I havn't found any good "cheap" scotch. thats probably because I do not like the blends.


----------



## simplechords (Aug 13, 2006)

Full Bodied Bruce said:


> I havn't found any good "cheap" scotch. thats probably because I do not like the blends.


what do you consider cheap...lol:r


----------



## clampdown (Feb 7, 2006)

I never found any good cheap scotchs. If I want something cheap thats a little brown I go for a Single Barrel Evan Williams. You get what you pay for with Scotch.


----------



## Braxxy (Apr 1, 2005)

See the signature, you can't go wrong.


----------



## omowasu (Aug 9, 2006)

mmblz said:


> Glenlivet 12 - a little smoky, but first scotch I ever really liked


+1, Glenlivet is an excellent scotch that is (relatively) inexpensive and available almost everywhere. I take mine on the rocks with a splash of club soda.


----------



## Ermo (Jun 3, 2006)

omowasu said:


> I take mine on the rocks with a splash of club soda.


:bn


----------



## omowasu (Aug 9, 2006)

Man, I would drink it straight but the acid reflux kicks in... :tg


----------



## Ermo (Jun 3, 2006)

I'm just messin. Drink it however you like it most, IMO.


----------



## ghostrider (Oct 30, 2005)

I'm trying to remember PaulMac's answer when I asked him this...it went something along the lines of...

Scotch...Yes!


----------



## yourchoice (Jun 25, 2006)

Your definition of inexpensive may be different than some, but the best, for the money, single malt I've had is Speyburn 10 yr. There are some blended that are good too, but for the extra 4 or 5 bucks, I think this here's pretty good.


----------



## PaulMac (Jul 15, 2003)

ghostrider said:


> I'm trying to remember PaulMac's answer when I asked him this...it went something along the lines of...
> 
> Scotch...Yes!


It was whats your favorite scotch....the true Scotsman answer is Yes


----------



## ghostrider (Oct 30, 2005)

PaulMac said:


> It was whats your favorite scotch....the true Scotsman answer is Yes


I knew I'd stand corrected


----------



## ky toker (Jun 2, 2005)

http://www.whiskyguild.com/index.html

They should help you along.


----------



## mosesbotbol (Sep 21, 2005)

JW Black is the best selling scotch for a reason... Buy it in the 1.5 and it's a deal. Bowmore, Ermo noted is a cheap single malt (depending on age). JW Black is the easiest drinking, most likeable to the most people scotch out there.
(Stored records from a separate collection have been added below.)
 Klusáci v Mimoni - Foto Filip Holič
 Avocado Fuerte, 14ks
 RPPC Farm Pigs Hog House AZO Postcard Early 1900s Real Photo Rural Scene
I would start off with blends as the taste hits more notes than a single malt. Once you like the blends, start with the single malts. I would first try the single malts at a good bar before buying a bottle; this can save some costly mistakes.


----------



## Dr_Wogz (Aug 25, 2006)

I, as most, had a JW red as my first scotch. Its' readily available, cheap, and is probably teh most common.

But, it is a belnded scotch. I beleive most 'scotch drinkers' don't do blends.

The Glenlivet 12 was my first 'single malt', and it was a good start! And as most have said, the Glenlivet is a good starting scotch.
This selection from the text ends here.